The invention also aims to provide a crawler belt bushing and its producing method, improved over the products and processes of the above conventional carburization and induction hardening in terms of productivity and cost, this bushing being produced by the following process. A tubular bushing workpiece made of steel is heated by scan induction heating from its outer circumferential surface such that at least the temperature of the inner circumferential surface of the workpiece is raised to a quenching temperature. Then, a series of quenching operation is carried out as follows. While firstly starting cooling from the inner circumferential surface, the outer circumferential surface is heated by induction heating to restrict the cooling of the outer circumferential surface occurring from the inner circumferential surface. After waiting a certain time in order to prevent the core of the workpiece from being fully hardened, cooling from the outer circumferential surface is started. Through these steps, quench hardened layers are formed at the inner and outer circumferential surfaces respectively.
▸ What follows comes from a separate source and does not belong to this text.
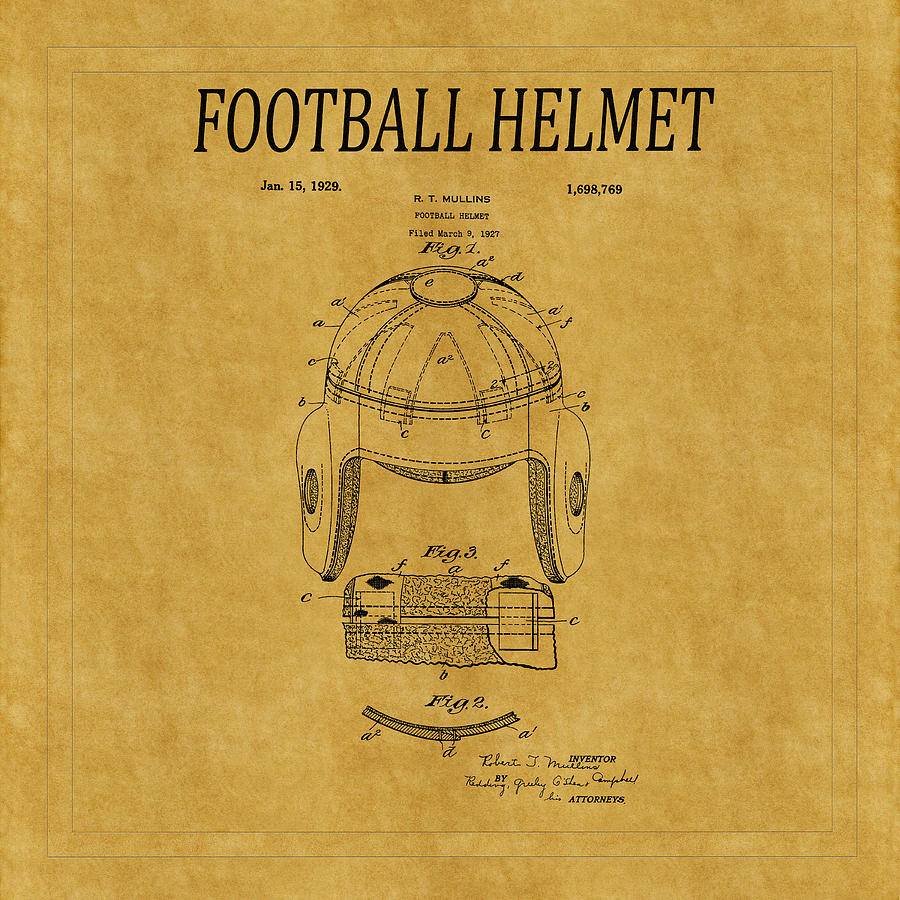 Football Photograph - Football Helmet Patent 1 by Andrew Fare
For ensuring formation of a quench hardened layer at the inner circumferential surface, the advance cooling from the inner circumferential surface, the induction heating from the outer circumferential surface and the later cooling from the outer circumferential surface are carried out as described earlier, thereby forming a soft layer within the core of the bushing at a cross-sectional position closer to the inner circumferential surface. With this arrangement, a soft layer can be formed in the core, even when using, as a bushing material, a steel having such a great DI value that the steel is through hardened by cooling from the inner circumferential surface only. In consequence, quenching crack can be prevented and the hardened depth of the outer circumferential surface can be greater than the hardened dept of the inner circumferential surface, so that a crawler belt bushing improved in wear resistance and fatigue strength and its producing method can be provided.
The above induction heating/hardening method of the invention is applicable to tubular parts similar to crawler belt bushings. Since this method does not need to carry out heat hardening from the inner circumferential surface and therefore does not use an induction heating coil for an inner circumferential surface, small-diameter tubular parts (e.g., small-sized crawler belt bushings) and thin tubular parts (e.g., crawler belt bushings) can be produced at low cost.
Further, since a soft layer can be formed within the wall of the crawler belt bushing and quenching crack can be prevented even when using a steel having high hardenability as has been noted above, the invention can provide a crawler belt bushing having high wear resistance at its outer circumferential surface and its producing method, by hardening a steel material which has comparatively high hardenability and a carbon content of about 2.0 wt % and is composed of austenite containing cementite grains dispersed therein. It is preferable to substantially uniformly disperse cementite in the workpiece by thermal refining or the like, prior to starting of the hardening operation.